- Your objective: The line with "E****摆件陶小镇青花每日有新品" starts the range, and the last line of the listing ends it. Retype that range exactly, without pictures.

- Records shown:
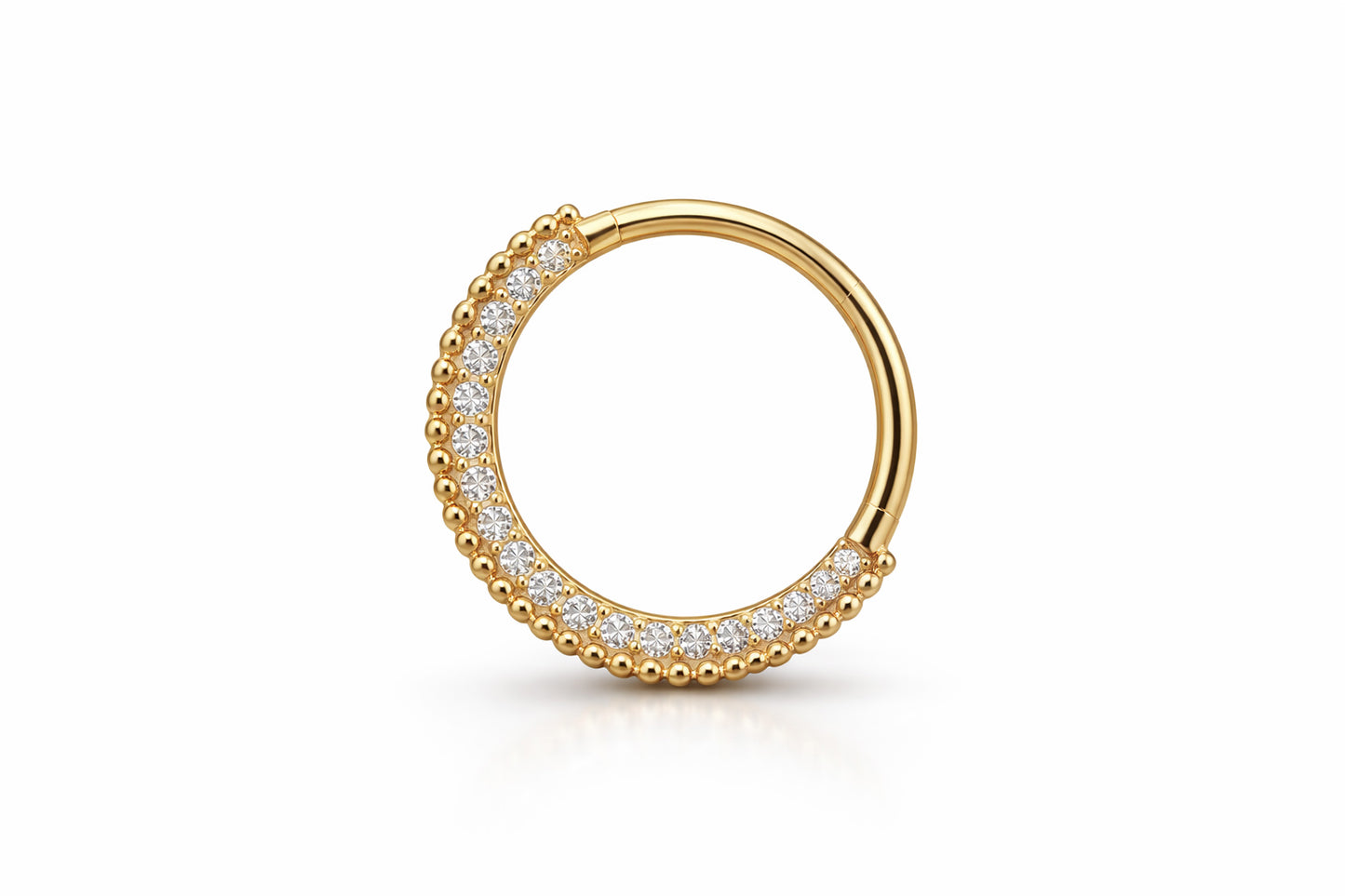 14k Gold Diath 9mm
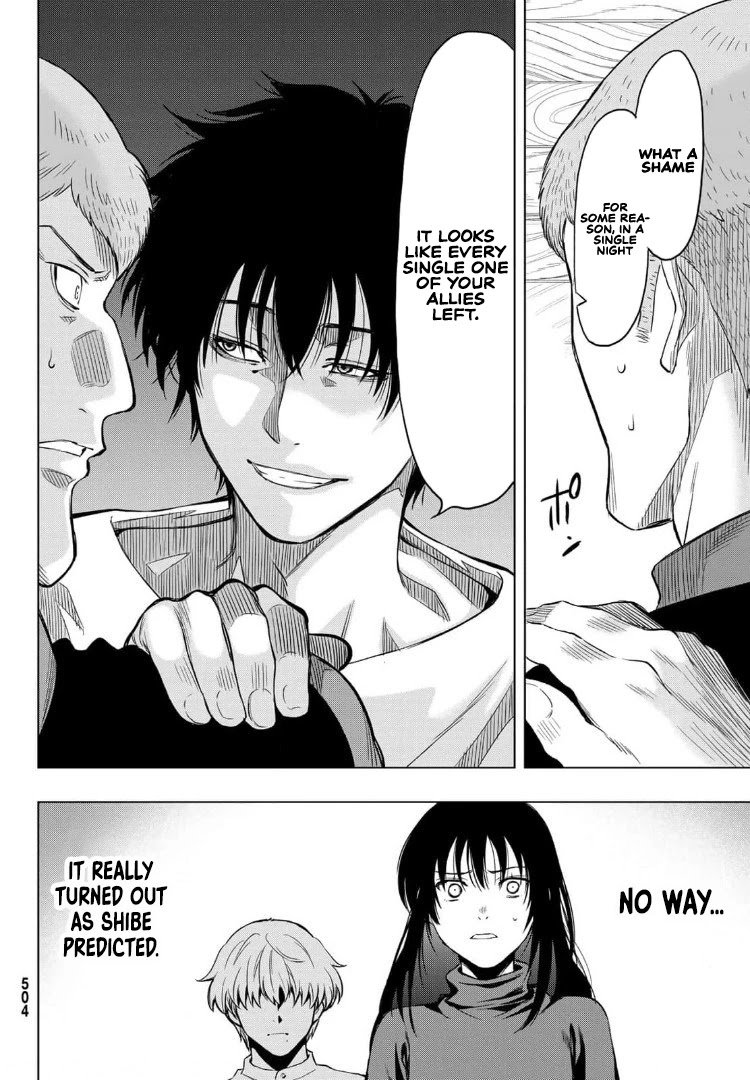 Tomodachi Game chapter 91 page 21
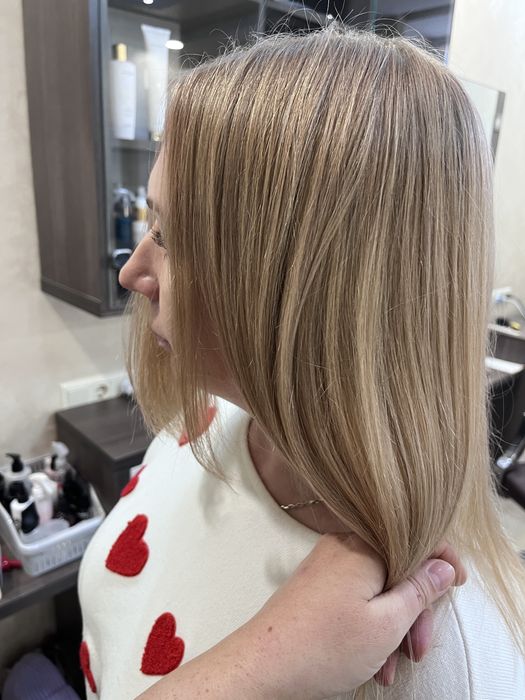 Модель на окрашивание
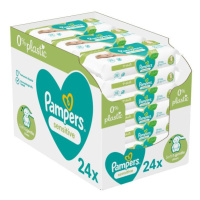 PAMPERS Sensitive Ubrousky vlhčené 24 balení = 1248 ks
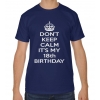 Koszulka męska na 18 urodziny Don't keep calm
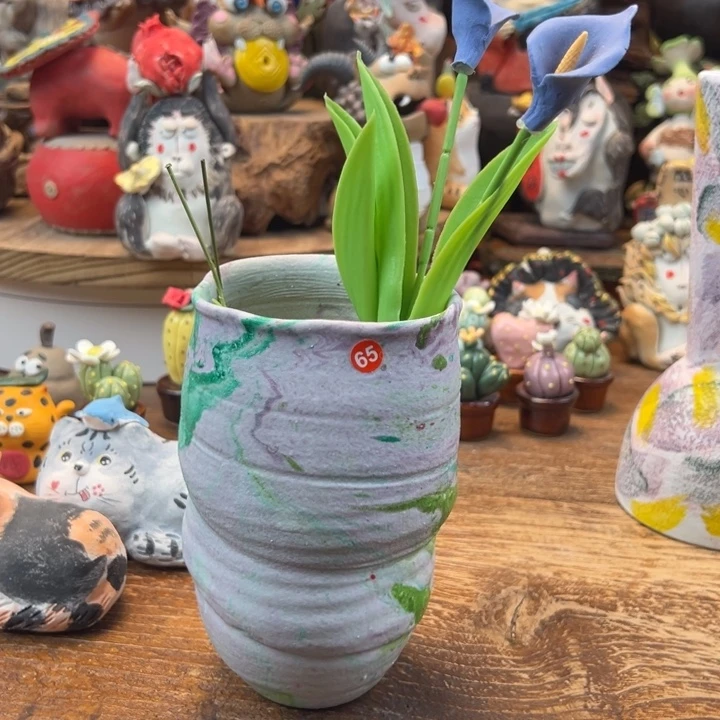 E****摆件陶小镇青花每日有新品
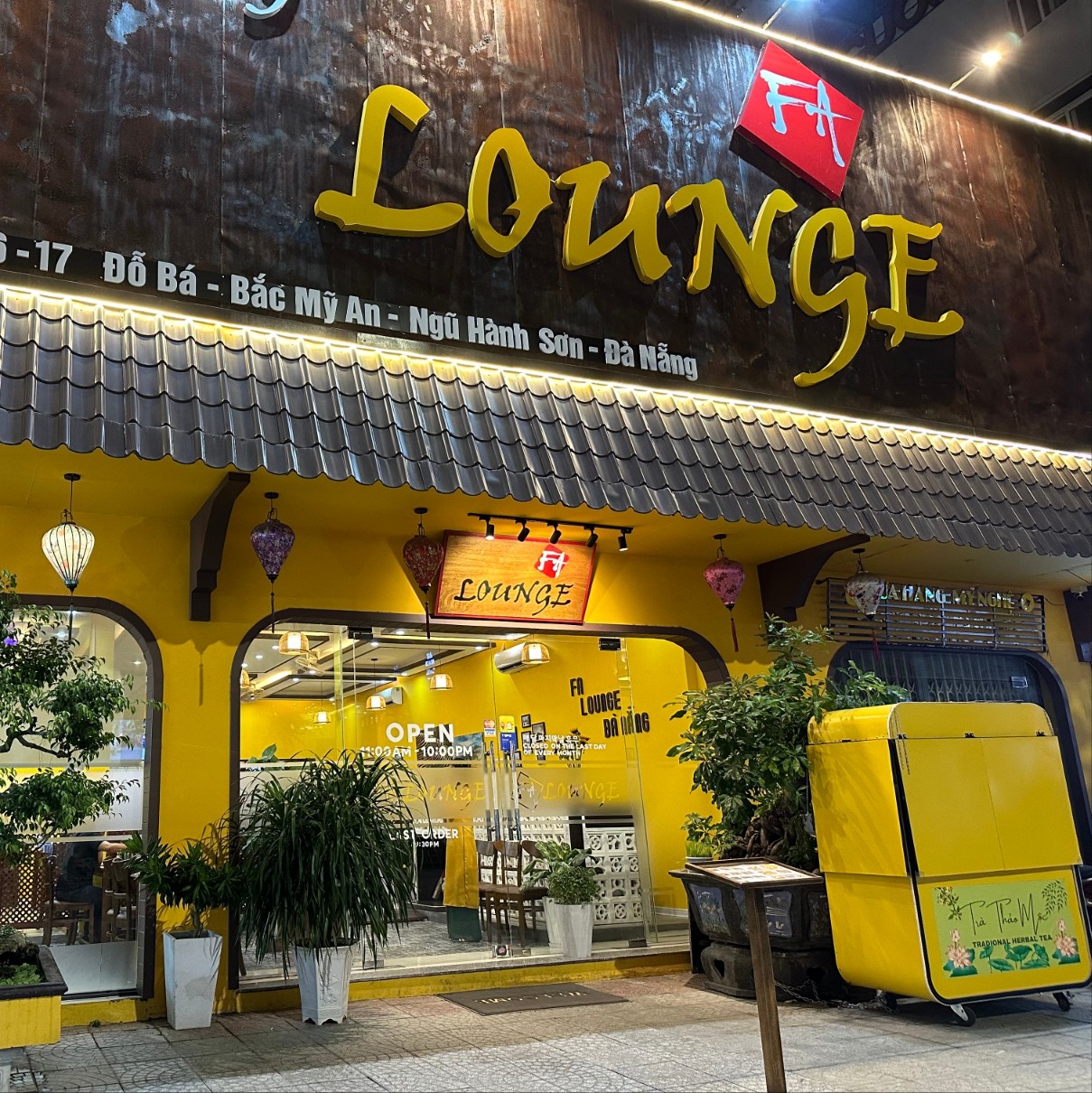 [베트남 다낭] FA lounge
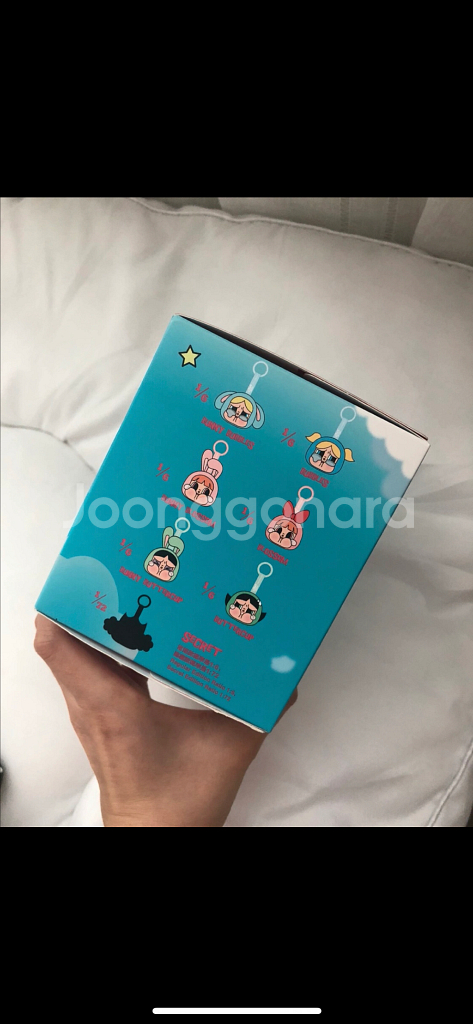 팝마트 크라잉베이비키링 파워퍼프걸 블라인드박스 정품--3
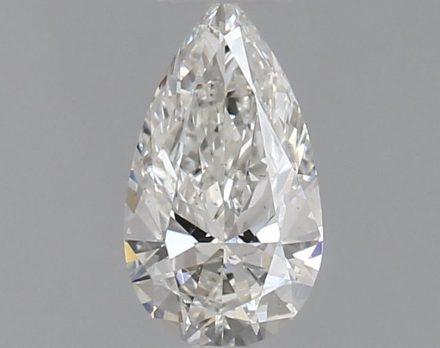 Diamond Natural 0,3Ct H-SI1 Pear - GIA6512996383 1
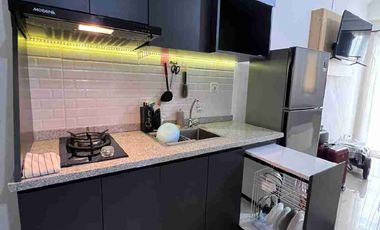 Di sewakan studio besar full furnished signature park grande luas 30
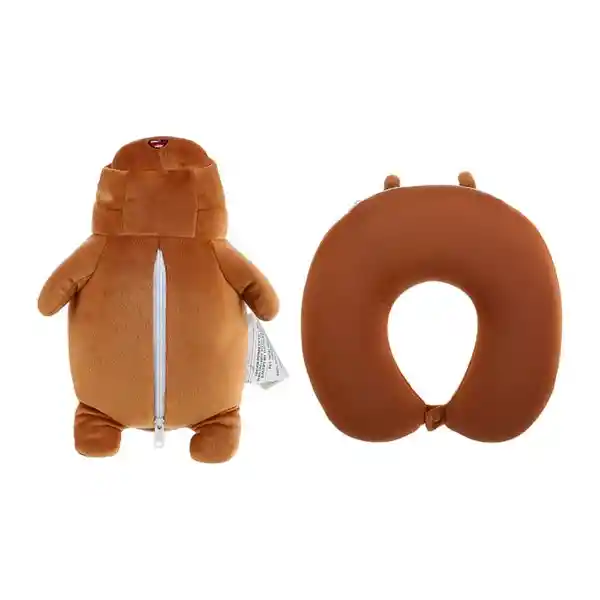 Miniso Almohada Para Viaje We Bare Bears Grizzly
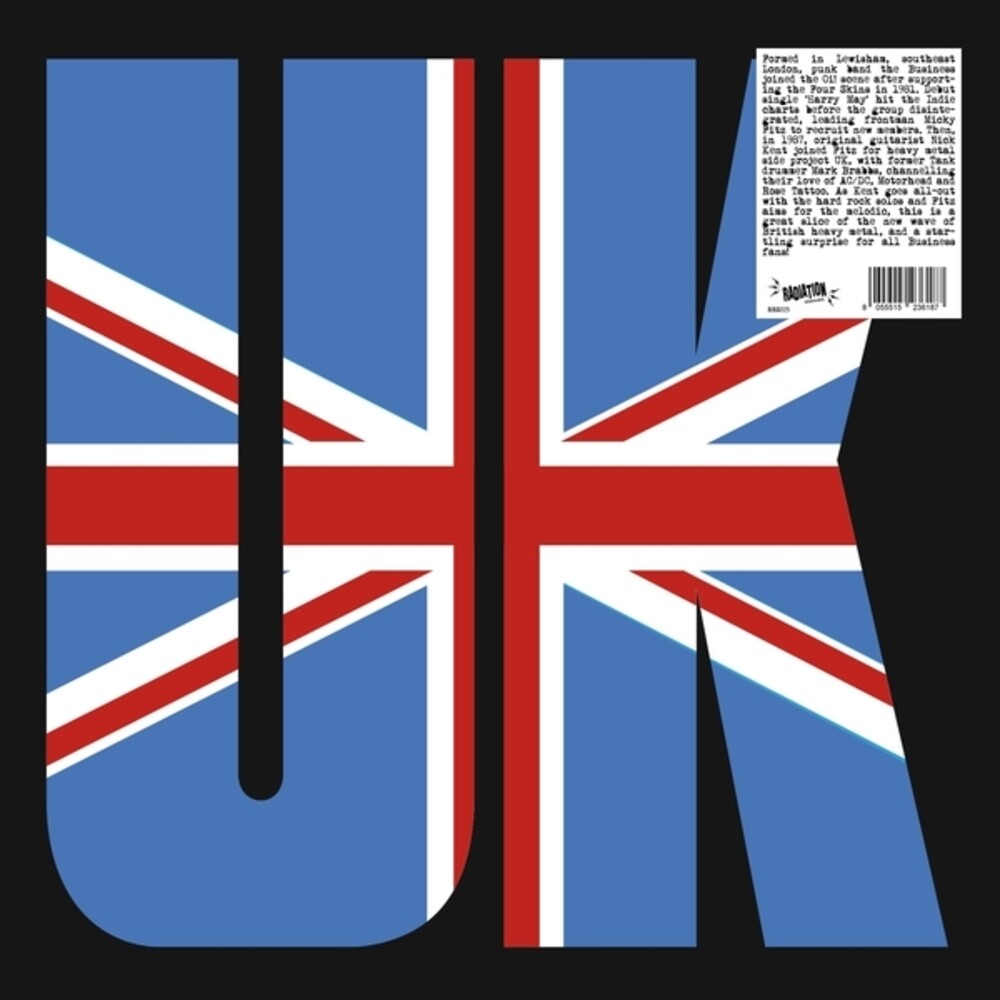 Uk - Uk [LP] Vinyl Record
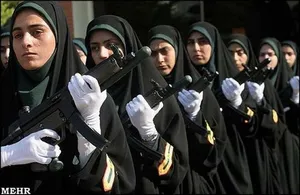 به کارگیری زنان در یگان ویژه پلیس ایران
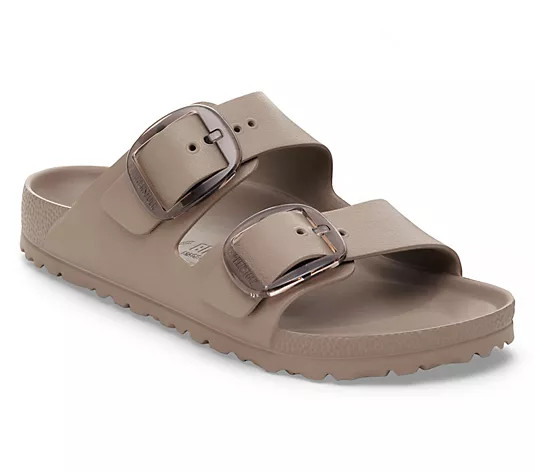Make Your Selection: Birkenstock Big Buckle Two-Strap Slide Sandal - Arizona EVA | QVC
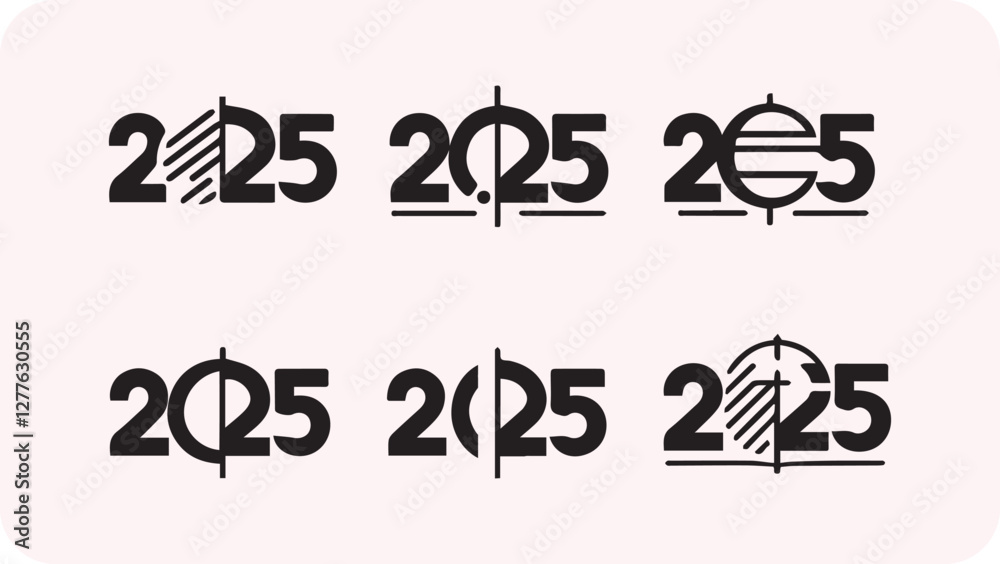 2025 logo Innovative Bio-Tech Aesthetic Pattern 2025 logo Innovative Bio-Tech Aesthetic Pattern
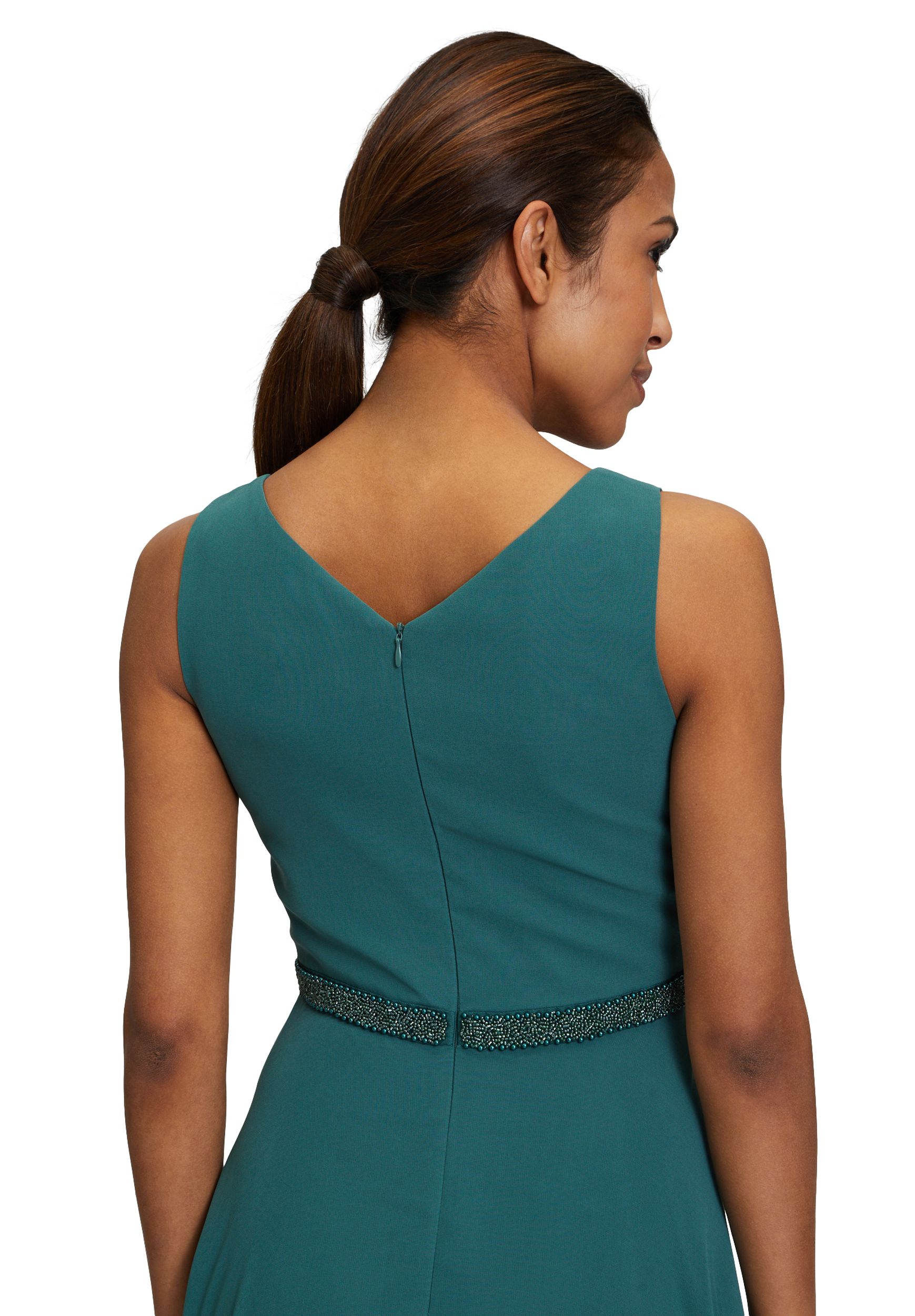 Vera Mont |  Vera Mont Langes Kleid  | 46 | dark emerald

- Answer:
 E****摆件陶小镇青花每日有新品
 [베트남 다낭] FA lounge
 팝마트 크라잉베이비키링 파워퍼프걸 블라인드박스 정품--3
 Diamond Natural 0,3Ct H-SI1 Pear - GIA6512996383 1
 Di sewakan studio besar full furnished signature park grande luas 30
 Miniso Almohada Para Viaje We Bare Bears Grizzly
 Uk - Uk [LP] Vinyl Record
 به کارگیری زنان در یگان ویژه پلیس ایران
Make Your Selection: Birkenstock Big Buckle Two-Strap Slide Sandal - Arizona EVA | QVC
 2025 logo Innovative Bio-Tech Aesthetic Pattern 2025 logo Innovative Bio-Tech Aesthetic Pattern
 Vera Mont |  Vera Mont Langes Kleid  | 46 | dark emerald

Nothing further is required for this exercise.